▶ [EXERCISE DETAILS]: The lines running from the one that contains "this 366×241 image." to the end of the records below are what to reproduce, exactly and without pictures.

▶ [EXTRACTED RECORDS]:
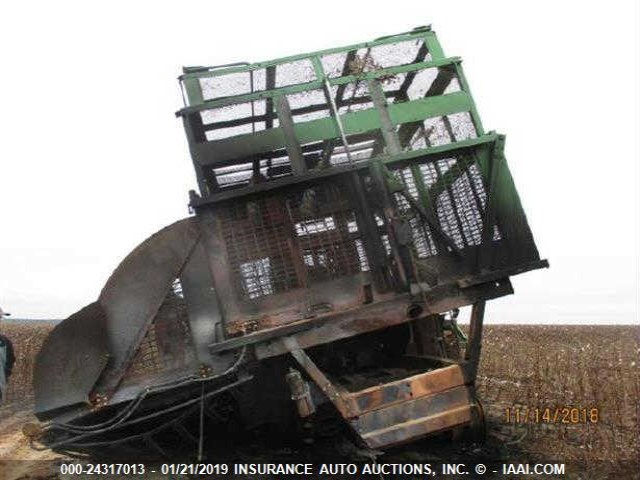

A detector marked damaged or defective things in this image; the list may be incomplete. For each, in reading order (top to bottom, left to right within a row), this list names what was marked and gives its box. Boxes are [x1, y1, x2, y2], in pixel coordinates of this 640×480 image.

burned cotton picker [32, 26, 548, 454]
rusted orange panel [344, 364, 464, 412]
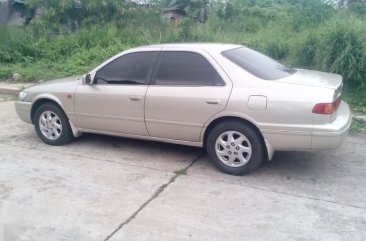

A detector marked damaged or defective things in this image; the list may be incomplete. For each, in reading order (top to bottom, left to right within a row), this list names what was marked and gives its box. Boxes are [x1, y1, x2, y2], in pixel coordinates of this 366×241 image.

crack in pavement [103, 153, 203, 240]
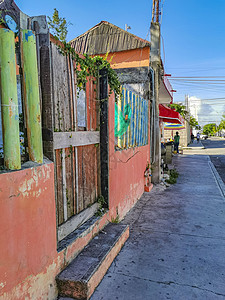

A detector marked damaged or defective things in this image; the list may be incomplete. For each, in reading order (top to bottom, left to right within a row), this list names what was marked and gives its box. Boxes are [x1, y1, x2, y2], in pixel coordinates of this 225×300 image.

rusty roof [70, 20, 151, 54]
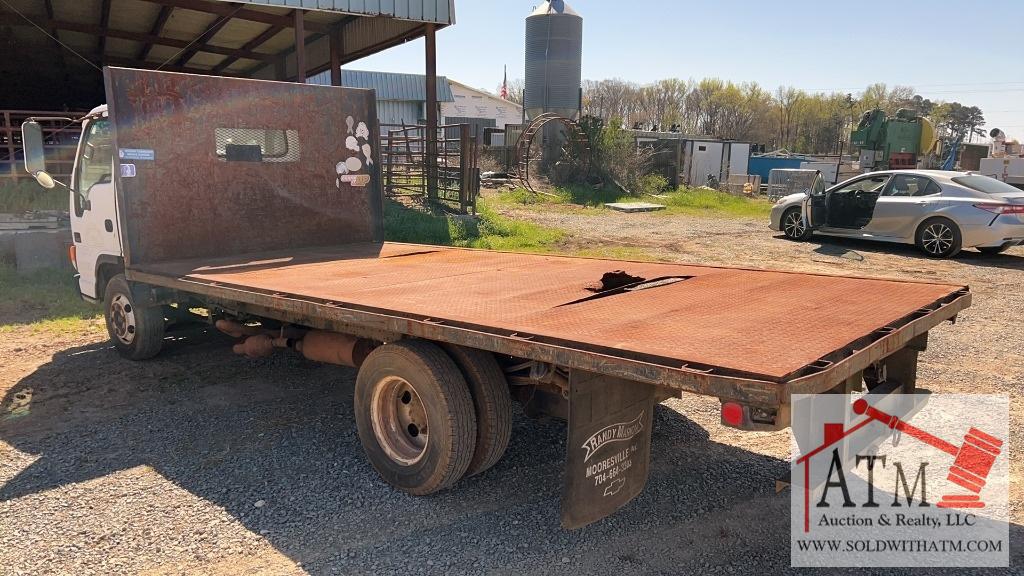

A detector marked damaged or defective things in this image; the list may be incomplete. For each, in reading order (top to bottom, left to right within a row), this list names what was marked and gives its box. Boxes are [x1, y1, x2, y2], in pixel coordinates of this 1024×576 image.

rusty steel flatbed [128, 241, 968, 408]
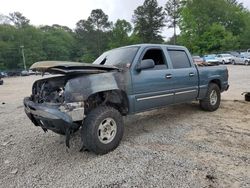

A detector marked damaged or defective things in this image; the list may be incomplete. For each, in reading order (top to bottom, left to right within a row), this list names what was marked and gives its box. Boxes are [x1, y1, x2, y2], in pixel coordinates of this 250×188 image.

damaged pickup truck [23, 44, 229, 154]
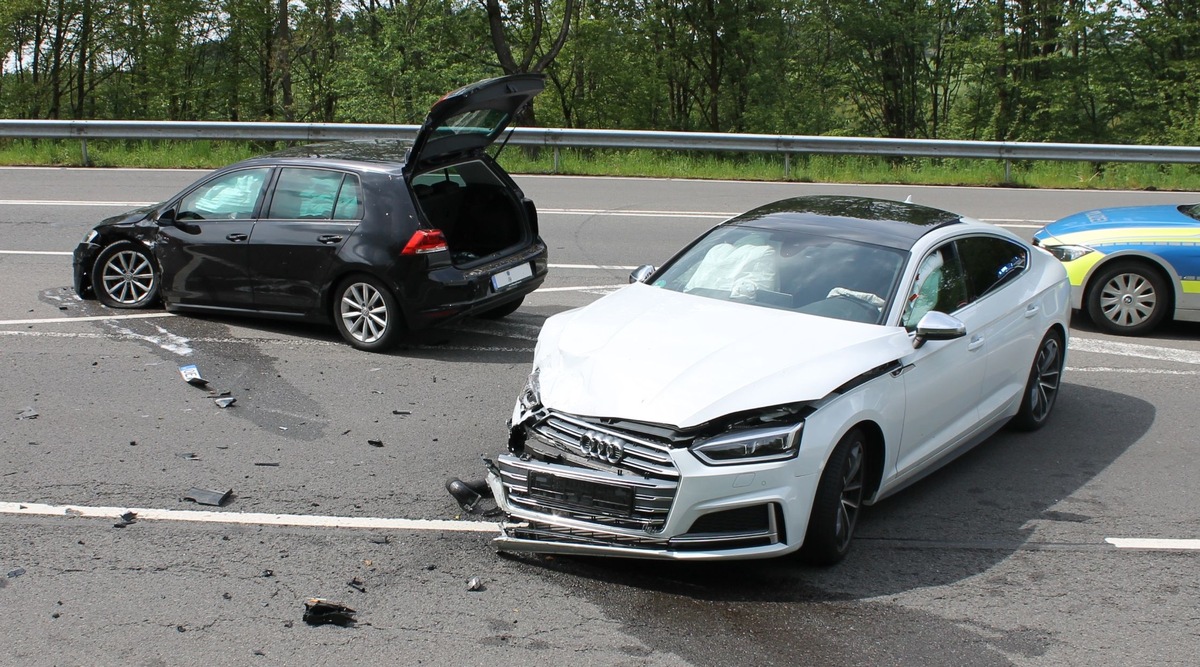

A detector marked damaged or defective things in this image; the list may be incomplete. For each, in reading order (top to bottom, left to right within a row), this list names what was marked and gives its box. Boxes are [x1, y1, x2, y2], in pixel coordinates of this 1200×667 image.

▶ [RESPONSE TO THIS EXERCISE]:
A detector marked damaged or defective things in this image; the list may be incomplete. For each, in reading order (top to bottom, left to right within a row), this list names what was marked and gives its box. Boxes are [x1, y1, x2, y2], in pixel coordinates of this 366×241 image.

crack in pavement [103, 153, 203, 240]

A detector marked damaged or defective things in this image; the list may be incomplete. For each, in reading order (top to bottom, left to right within a row), this list names what was marked and gives its box. Boxes are [x1, y1, x2, y2], in pixel coordinates of this 225×300 image.

rusty roof [70, 20, 151, 54]

A detector marked damaged or defective things in this image; the list may be incomplete. For each, in reading order (top to bottom, left to right within a row), this list names what was marked and gives its box. Boxes are [x1, y1, x2, y2], in pixel coordinates of this 1024×576 image.

rusty steel flatbed [128, 241, 968, 408]

A detector marked damaged or defective things in this image; the list may be incomplete. For each, in reading order (top to bottom, left to right within a row), this list names what was marked and gives its box. Boxes are [x1, y1, x2, y2], in pixel coordinates of this 250×188 image.

damaged pickup truck [23, 44, 229, 154]

A detector marked damaged or defective things in this image; the list may be incomplete. For each, in reading order (top to bottom, left to right within a row), this list names what was marked and gives its box. Boxes are [x1, y1, x2, y2], in pixel coordinates of this 1200×667 image.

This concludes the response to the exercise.